Les autorités suisses doivent enquêter sur le président George W. Bush

COMMUNIQUÉ DE PRESSE

Dimanche 6 février 2011

Amnesty International a engagé les autorités suisses dimanche 6 février à ouvrir une information judiciaire contre l’ancien président américain George W. Bush alors qu’il prévoit de se rendre dans le pays le 12 février.

Le président George Bush a reconnu dans ses Mémoires publiés en novembre 2010 et dans une interview télévisée qu’il avait donné son aval à l’Agence centrale du renseignement (CIA) pour l’utilisation d’un certain nombre de « techniques d’interrogatoire poussé », y compris du « waterboarding » (simulacre de noyade), sur les personnes détenues dans le cadre du programme secret de la CIA.

« Les autorités suisses seraient tenues d’arrêter l’ancien président et d’ouvrir une enquête, même si elles se fondaient uniquement sur ses propres déclarations selon lesquelles il a autorisé le « waterboarding », technique d’interrogatoire qui constitue sans conteste un acte de torture, a indiqué Salil Shetty, secrétaire général d’Amnesty International.


« Il est rare qu’une personne jouissant d’une aussi grande notoriété que le président George Bush reconnaisse, à la télévision ou par écrit, son implication personnelle présumée dans des crimes relevant du droit international – mais c’est bien ce dont il s’agit.

« Les autorités américaines s’étant jusqu’ici abstenues de traduire George Bush en justice, la communauté internationale se doit d’intervenir. »

Le mémoire adressé par Amnesty International aux procureurs et aux représentants du gouvernement suisse s’interroge sur la responsabilité légale de l’ancien président dans deux affaires pour lesquelles il a autorisé la CIA à recourir au « waterboarding ».

En effet, l’inspecteur général de la CIA a conclu que les deux détenus concernés, Zayn al Abidin Muhammed Husayn (plus connu sous le nom d’Abu Zubaydah) et Khalid Sheikh Mohammed, ont été soumis, à eux deux, au « waterboarding » à au moins 266 reprises en 2002 et 2003. Cette technique consiste à attacher les détenus, à les incliner vers l’arrière, et à leur verser de l’eau dans les narines et la bouche.

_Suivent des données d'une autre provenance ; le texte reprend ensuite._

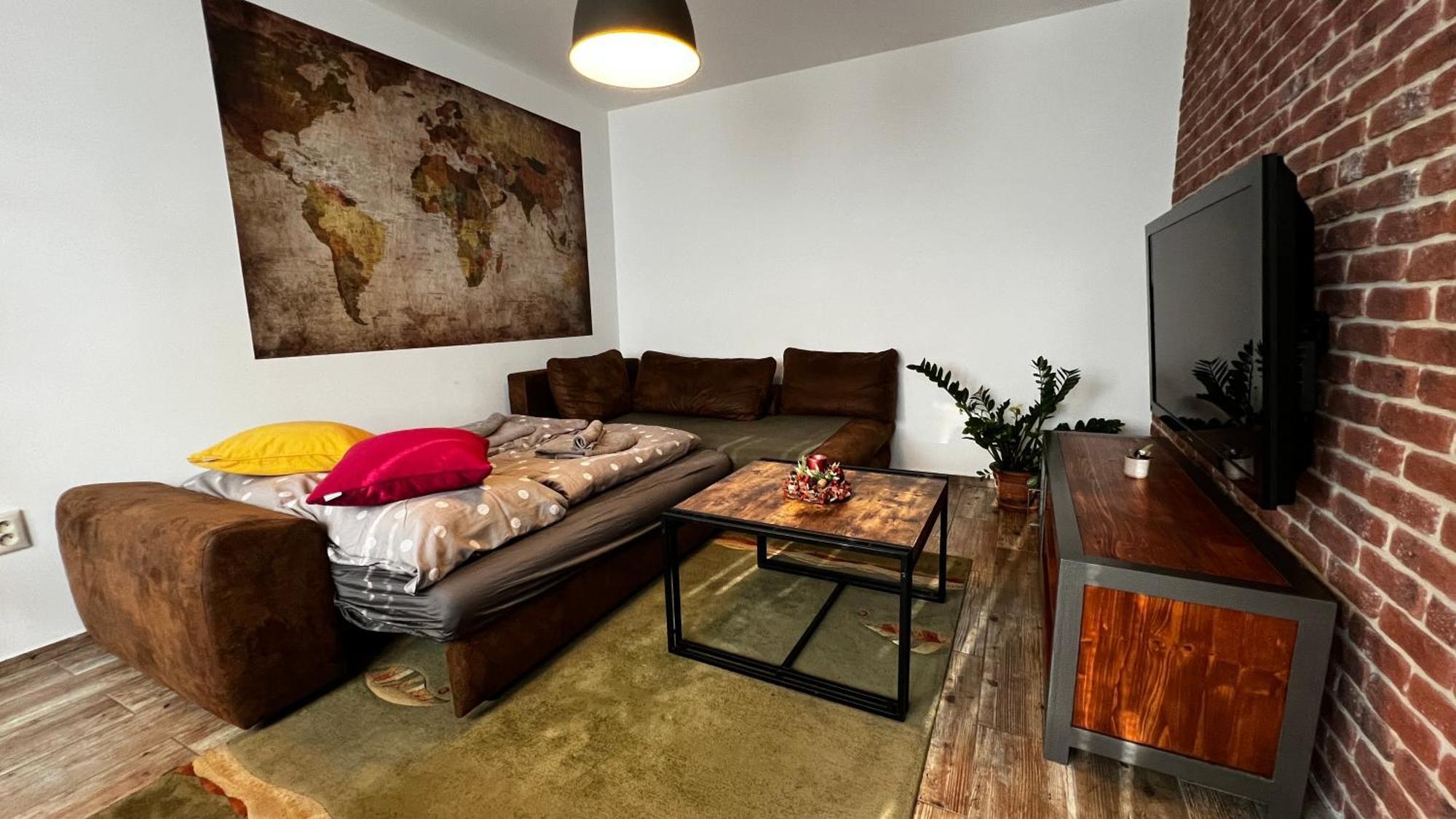 Industrial Apartment I 24Hr Self Check-In I Free Parking & Coffee Banská Bystrica Exterior foto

Abu Zubaydah et Khalid Sheikh Mohammed ont ressenti la douleur et la souffrance de l’asphyxie par noyade.

Dans le cadre du programme de détentions secrètes de la CIA, mis sur pied avec l’autorisation de George Bush, alors président, au moins 20 autres détenus ont été soumis à un éventail de « techniques d’interrogatoire poussé », notamment au maintien dans des positions debout douloureuses pendant des heures, à la privation de sommeil et aux coups et blessures.

Le mémoire d’Amnesty International met en évidence de nouveaux éléments de preuve d’actes de torture et d’autres crimes relevant du droit international commis contre les personnes détenues sous la responsabilité de l’armée américaine à Guantánamo, en Afghanistan et en Irak.

Depuis plus de six ans, Amnesty International exhorte les autorités américaines à enquêter dûment et à déférer à la justice toute personne présumée responsable des crimes relevant du droit international perpétrés durant la « guerre contre le terrorisme ». Les États-Unis ne se sont pas acquittés de leurs obligations.

« La Suisse s’enorgueillit de soutenir la justice internationale. L’occasion lui est offerte de traduire cet engagement en actes », a conclu Salil Shetty.